Even as they decried the recent supply of expired drugs to members of the camp, they wondered aloud why their monthly stipend usually drawn from the state’s Ministry of Social Welfare and Community Development’s Conditional Cash Transfer Scheme has not been forthcoming in the last six months.
Speaking to LEADERSHIP Sunday on the issues of power and the conditional cash transfer, Okon said: “They gave us generator formerly but there has not been fuel to run it for over six months now. There is no NEPA light here, even in the entire community there is no light for over ten years now. Concerning the issue of conditional cash transfer, the Social Welfare Ministry did image capturing of 959 persons on conditional cash transfer since August 2014, and since then, no cash has been paid. They promised to pay each person five thousand naira (N5, 000) monthly. We have not touched money since we came to this camp. We have a lot of challenge. Even the babies, there are not proper feeding for them”.

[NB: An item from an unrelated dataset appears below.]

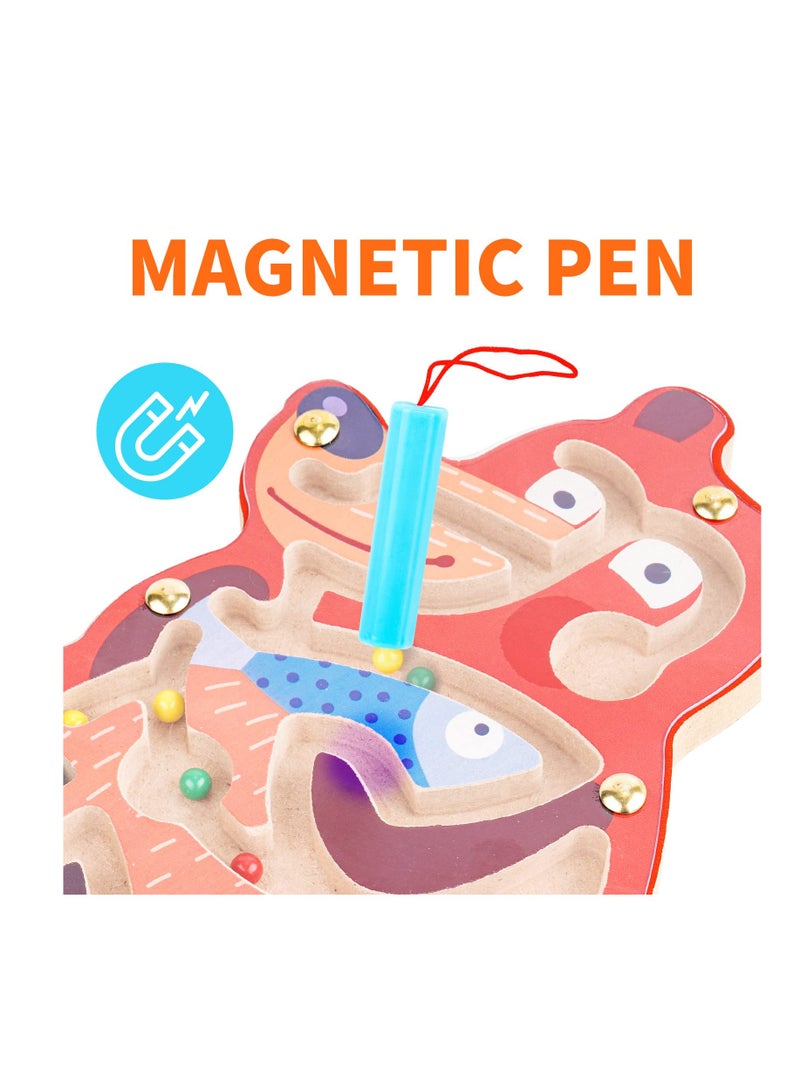 Excefore 4PCS Animal Magnetic Maze Toys For Kids, Interactive Puzzle Game Board, Montessori Labyrinth, STEM Activity For Child Fine Motor Skill Development, Preschool Birthday Gift, Wooden, 7 x 8 In - Image 3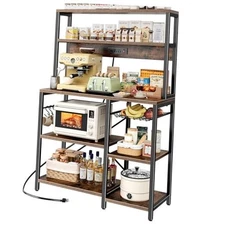  Bakers Rack with Power Outlet, 35.4 Inches Coffee Bar with Wire Rustic Brown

However, when contacted, director general of the state electrification agency, Mrs Rosemary Atsu-Arop, said the agency was yet to receive any formal complain on the issue of unavailability of electricity in that community.
Speaking through her aide, Atsu-Arop, disclosed that the state government recently approved the release of 10 electricity transformers to some towns and communities in the state. He promised to look into the situation at Akwa Edem Eyo community, Akpabuyo, where the Bakassi returnees are camped.
Meanwhile, when contacted via telephone to confirm the alleged halt in the disbursement of the returnees monthly stipend of N5, 000, the state commissioner for Social Welfare and Community Development, Mrs. Patricia Endeley, declined to comment on the matter.
When LEADERSHIP Sunday visited her office on the matter, she was not available for comment as at that time. After several calls to her telephone line without any response, a text message was sent to her, yet no reply was received before filing this report.
Shedding more light on the allegation on the supply of expired malaria drugs to the camp, one of the IDPs who preferred to be anonymous said he sighted some expired drugs among the lots brought to the camp lately.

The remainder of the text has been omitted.